First, a reminder that the eight MDGs were approved as part of the Millennium Declaration, affirmed by 189 countries and signed by 147 heads of states and governments in during the UN Millennium Summit in September 2000. The eight goals, to be achieved by 2015, are:

Goal 1: Eradicate extreme poverty and hunger

Goal 2: Achieve universal primary education

Goal 3: Promote gender equality and empower women

Goal 4: Reduce child mortality

Goal 5: Improve maternal health

Goal 6: Combat HIV/AIDS, malaria and other diseases

Goal 7: Ensure environmental sustainability
Goal 8: Develop a Global Partnership for Development

http://www.uri.org/

We should ask ourselves why a religious organization would include goals 7 and 8 (above).

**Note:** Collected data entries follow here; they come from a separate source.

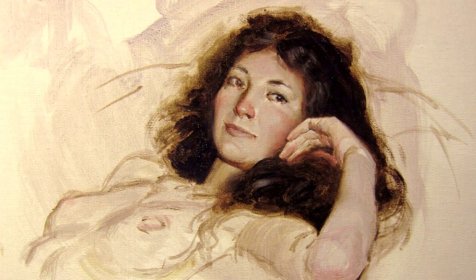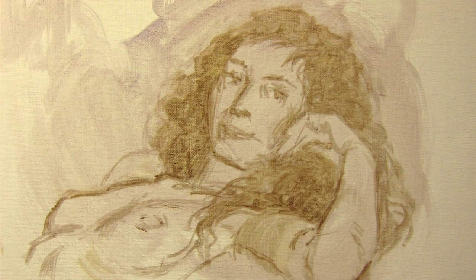This is a walkthrough of an alla prima painting session on canvas in oil using a medium of five parts turpentine, one part stand oil. The portrait was painted in about two hours. I start with a loose sketch, mostly thin with turpentine and a little bit of medium.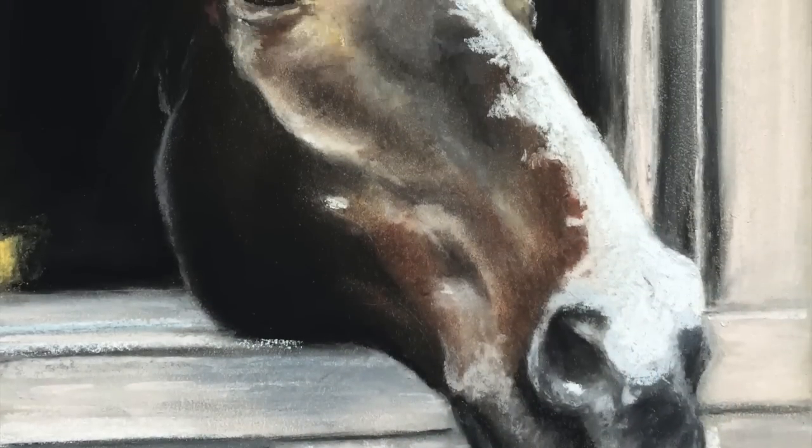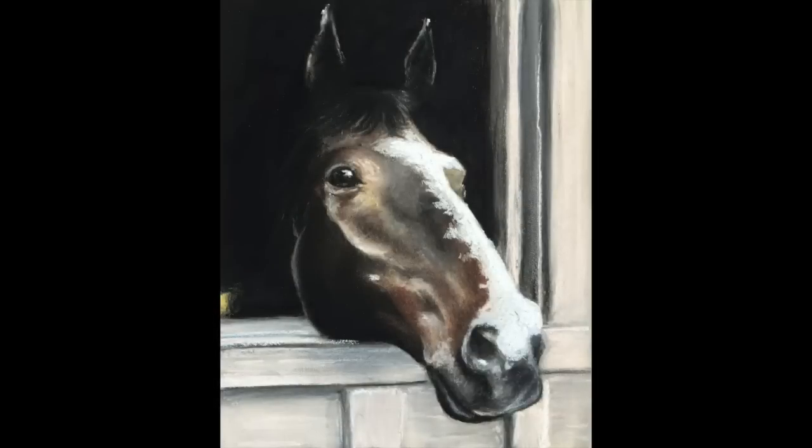Our drawing of a horse with pastels is now complete, and I hope that this tutorial gave you some insight and that you enjoyed it.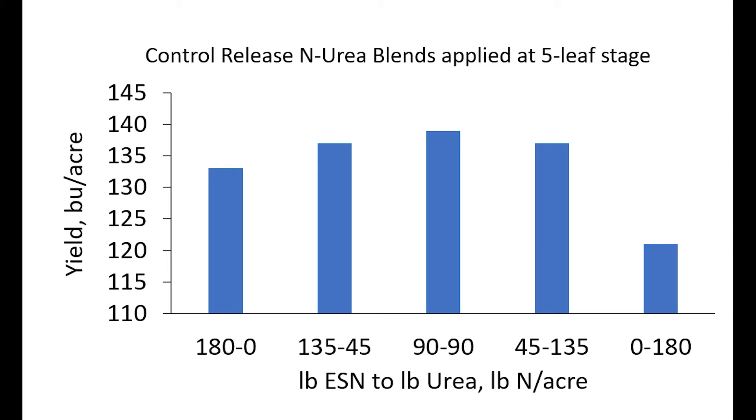Blending regular urea with controlled release nitrogen makes nitrogen available immediately and also while supplying nitrogen later in the season.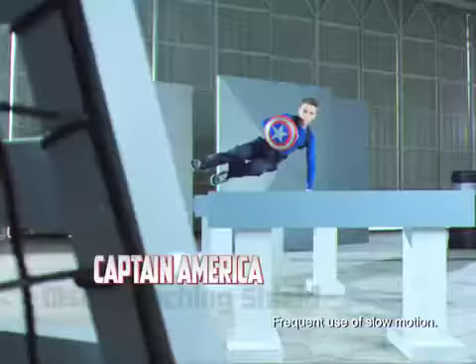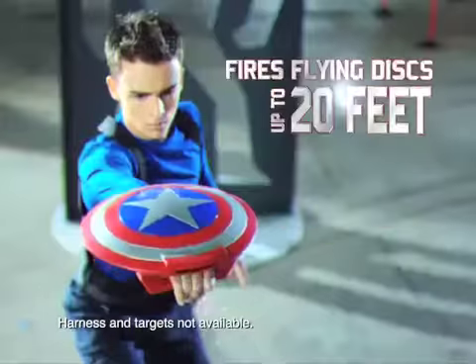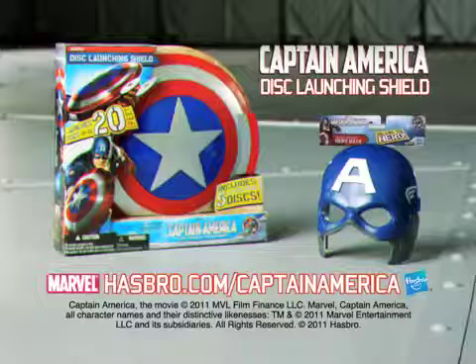Captain America! It's time to become the hero that you are with the Captain America Disc Launching Shield. It defends when the going gets tough and fires flying discs when it's time to fight back. For the hero in everyone. It's the Captain America Disc Launching Shield.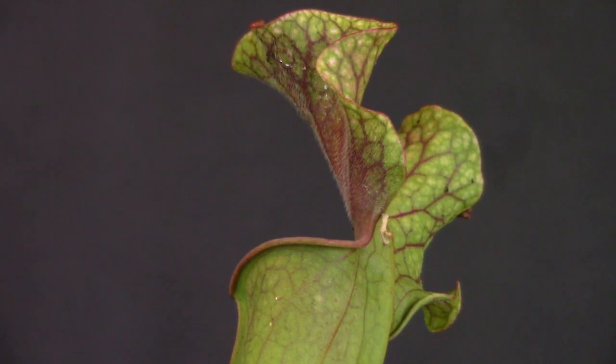Below the operculum, at the top of the tube, there's usually a rolled lip called the peristome. This lip secretes nectar and scent. The hood also produces nectar, but in lesser quantities. The inside of the pitcher tube, depending on the species, can be divided into three to five distinguishable zones.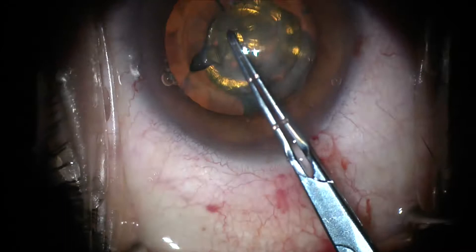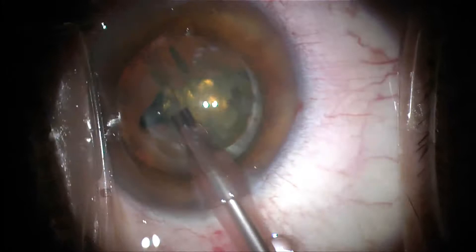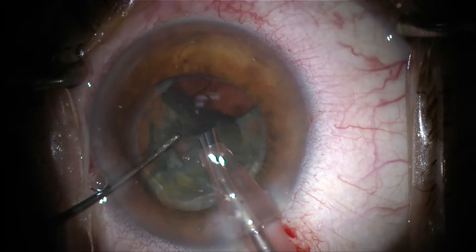We're now using an ultrasound device, a phacoemulsifier, to remove a central area of the lens. You can see that the lens has already been broken up into pieces, and these pieces can be removed with the phacoemulsification piece. The other instrument just basically guides those pieces into the mouth of the ultrasound.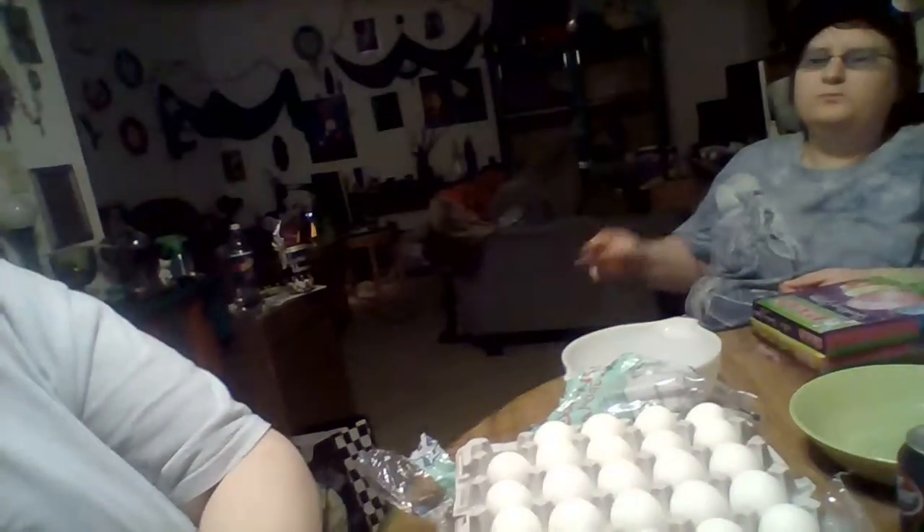Hi everyone, happy Easter Eve! I'm here with Soren, who's kind of halfway off camera. We're here tonight to do something called egg blowing and dying. This is how you make eggs when you don't want to hard boil them for Easter. We have our huge lot of eggs, two bowls, and that's Soren, with the dyes on the side along with our vinegar.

And, here we go again, Religions for Peace explains the primary new goals of all UN affiliates. Sustainable Development and BUILDING COMMUNITY is the new mantra:
Religions for Peace - USA is a coalition comprised of leaders from over sixty U.S. religious communities. RFP-USA operates on the conviction that multi-religious cooperation and common action can be powerful instruments in the quest for constructive social development, justice, reconciliation, and peace.

Building Community — Addressing Diversity
— Discussing the Role of the United States in the World


Maybe it's time to design a new communitarian chart that shows ALL the connections. Do the Germans have Communitarian Churches (and pagan feminist witches)? Does this lead to other conclusions regarding the implementation of "Communitarianism as the social and legal theory behind the German Constitution?" http://icon.oxfordjournals.org/cgi/content/citation/2/3/431

It's amazing what I found today searching for Barmby's Universal Communitarian Association, what eventually became known as the Communist Church in 1841. I see many new things I would like to read, wonder who kept Barmby's works... the Communitarian Church? Is the modern Communitarian Church more of a witches' council?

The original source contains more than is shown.